Among Yale's other "guests" were 30 bulldogs who cavorted under a tent on Cross Campus and kept Yale's mascot, Handsome Dan, company during the morning. Some of the canines, owned by members of the Bulldog Club of Connecticut, headed for the Yale Bowl and the football game against Penn while others paraded the campus.
"I've lived in New Haven for many years and never visited Yale before," said Elinor Hill, with her son, Corey, a Conte-West Hills student, in tow. "I'm impressed with the campus... Before, I thought it was a closed atmosphere, segmented, secluded and secret. Now, I see it's very open and very beautiful, not dark and foreboding as you expected it to be. We're going to visit every spot that we can that's open today."
The opening ceremony on Hewitt began with a procession of students from Yale's 12 residential colleges led by the Yale Precision Marching Band. The student standard bearers held their banners high as they lead their respective college classmates onto the plaza. The students, competing for the best college Tercentennial T-shirt, sported colorful tops bearing such slogans as "Pierson founded Yale," "Trumbulldog," "God-Silla: No other college is safe" and "Ezra Smiles."
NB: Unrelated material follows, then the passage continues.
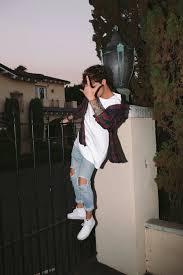 Iamownthelight Roupas Tumblr Masculinas Projetos De Fotografia Moda Coreana Masculina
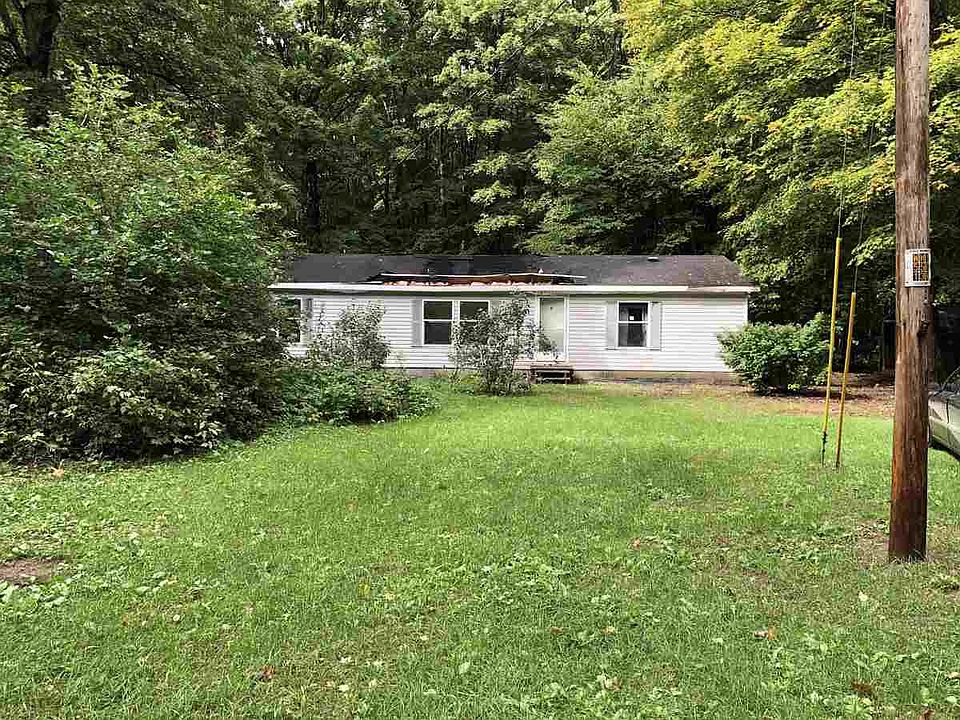 1st image of 8761 Partridge Ln NE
"I can tell it is a special day," Levin told the gathering as the last students marched up the quadrangle. "It has been many decades since so many of our students attended an event this early on a Saturday morning."
After the laughter passed, Levin said, "We wanted to start this historic year by inviting everyone in the greater New Haven community to share in this celebration with our entire campus community -- students, faculty and staff. ... This is an occasion for everyone -- long-time employees or first-time visitors -- to experience our campus, to sample the amazing range of activities pursued by faculty, students and staff."
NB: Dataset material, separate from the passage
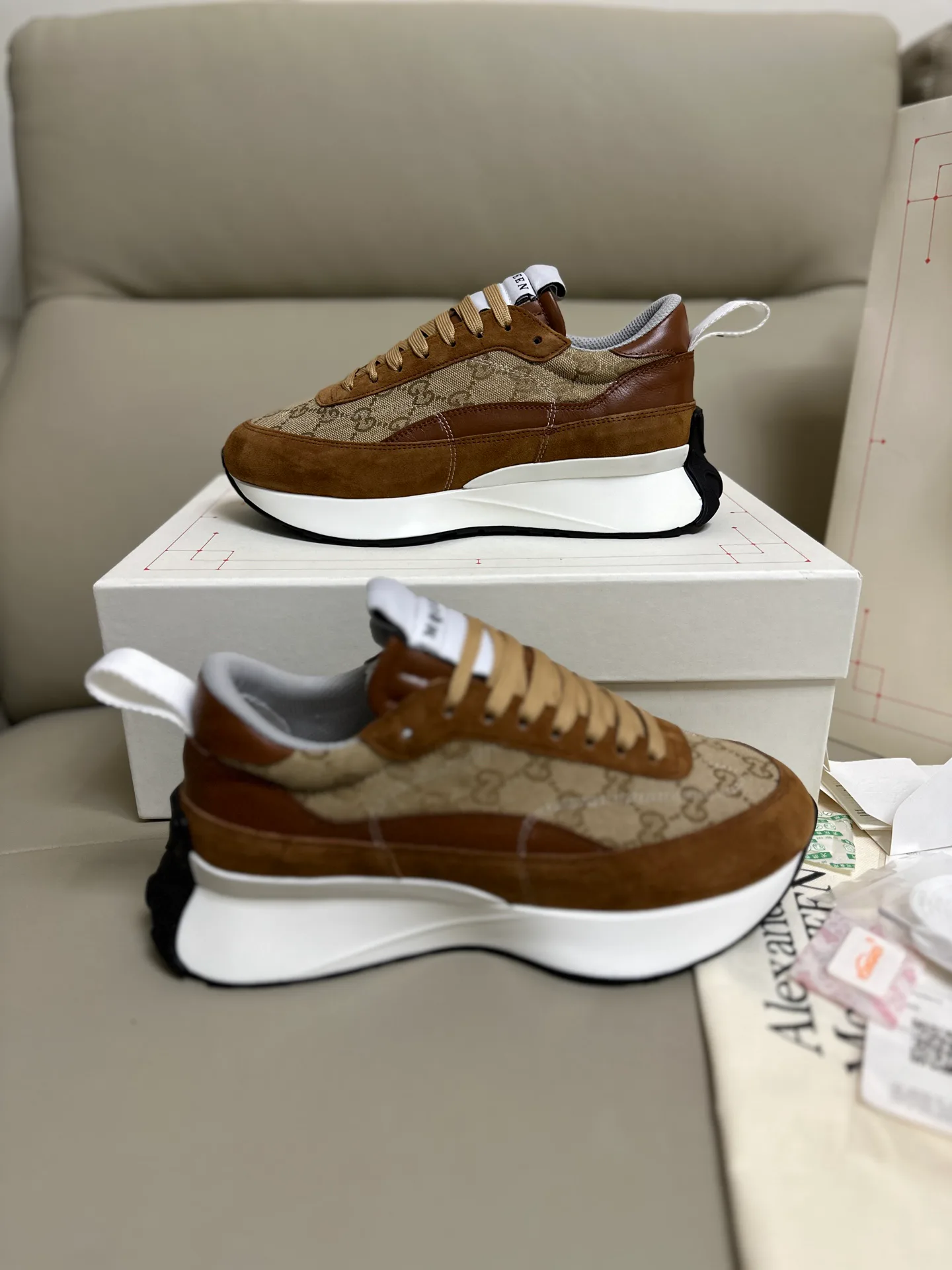 Кроссовки Женские Alexander Mcqueen 18616743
As the President spoke, the band punctuated his speech with music. "Yankee Doodle" sounded as Levin described how General George Washington marched to Cambridge accompanied by Yale student musicians, who turned back to New Haven within two weeks. "Cambridge was not to their liking," quipped the President. Later, when Levin explained that "Boola Boola" might have its origins in a Maori war cry, the band burst into the Yale fight song. And when Levin reminded those assembled that Cole Porter penned the famous "Bulldog! Bulldog!" song, the band struck up the music as the crowd joined in.
Levin said that although Yale was situated for a time in Killingworth, it moved to New Haven after the city outbid two other Connecticut towns for the honor. "Thus, we celebrate our 300th birthday not in Hartford or Saybrook, but here in New Haven, where we were most wanted," said Levin.
"Today, we are thankful to be here in New Haven, a city large enough to be interesting and small enough to be friendly," added the President. "In this last decade of our third century, we have committed ourselves to working with the city and its citizens to create economic opportunity, a vibrant downtown, and stronger neighborhoods marked by home ownership. We have also reached out to the children of New Haven by participating in on-campus programs in our classrooms, museums and athletic facilities.
"We begin our fourth century in a strong and vital partnership with our neighbors," Levin said, who thanked Janet Lindner, the director of the Tercentennial, and Martha Highsmith, deputy secretary, for their "Opening Yale 300" planning efforts.
The President then introduced "Yale's neighbor and friend, the Mayor of New Haven, John DeStefano," who spoke about the mutually rewarding relationship that Yale and the city enjoy.
After the speeches, Levin and DeStefano joined Vice President and Secretary Linda Lorimer, Provost Alison Richard and Yale College Dean Richard Brodhead in front of the birthday cake, which the Yale Bake Shop created for the occasion. (See related story.)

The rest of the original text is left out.